It was hot! With apologies to Jimmy Buffett, “We spent four busy days in a bright LA haze and we just want to be back on our side (of the country).”
When we established the ASICS Greenville Track Club-ELITE post-collegiate, Olympic development program in July of 2012 one of our goals was to have our athletes qualify for the USA Olympic Team Trials. We achieved that goal with four athletes, two men and two women, qualifying for the marathon by running under the qualifying standards at the half marathon distance. Americans could qualify by running a marathon under 2:19:00 for men and under 2:45:00 for women, OR by running under 1:05 and 1:15:00 for men and women respectively.
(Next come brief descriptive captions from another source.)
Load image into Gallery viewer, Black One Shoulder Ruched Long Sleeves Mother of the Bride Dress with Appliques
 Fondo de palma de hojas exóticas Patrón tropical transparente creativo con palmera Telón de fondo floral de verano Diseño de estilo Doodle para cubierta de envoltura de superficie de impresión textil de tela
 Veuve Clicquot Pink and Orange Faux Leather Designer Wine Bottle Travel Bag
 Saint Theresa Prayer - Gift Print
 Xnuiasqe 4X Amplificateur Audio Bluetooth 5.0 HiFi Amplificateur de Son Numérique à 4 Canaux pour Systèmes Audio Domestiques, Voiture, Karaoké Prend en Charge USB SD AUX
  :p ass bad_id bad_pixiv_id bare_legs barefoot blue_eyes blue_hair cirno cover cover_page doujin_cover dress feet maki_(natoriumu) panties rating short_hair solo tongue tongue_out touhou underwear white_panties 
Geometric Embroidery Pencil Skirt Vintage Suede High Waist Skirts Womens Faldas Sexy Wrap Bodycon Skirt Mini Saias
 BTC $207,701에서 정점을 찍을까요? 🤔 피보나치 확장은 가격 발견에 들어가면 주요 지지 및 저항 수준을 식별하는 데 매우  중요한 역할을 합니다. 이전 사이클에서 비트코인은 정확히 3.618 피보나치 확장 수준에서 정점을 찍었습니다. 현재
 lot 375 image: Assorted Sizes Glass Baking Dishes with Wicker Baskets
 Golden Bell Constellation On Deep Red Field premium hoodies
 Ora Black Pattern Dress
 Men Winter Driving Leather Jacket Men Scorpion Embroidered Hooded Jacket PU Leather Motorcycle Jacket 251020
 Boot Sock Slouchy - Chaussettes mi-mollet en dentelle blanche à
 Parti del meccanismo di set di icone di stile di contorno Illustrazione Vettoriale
Although I was previously not in favor of having an athlete qualify with the half-marathon performance, I grew to accept it’s legitimacy when Ricky Flynn joined our program in December of 2013. Ricky had qualified for the 2012 Olympic Trials marathon by running a 1:03:44 half marathon. Then he ran his first, and only, marathon at the 2012 OMT in Houston, TX. Not only did he prove that he could finish a marathon, he actually placed 12th overall with an excellent time of 2:13:41.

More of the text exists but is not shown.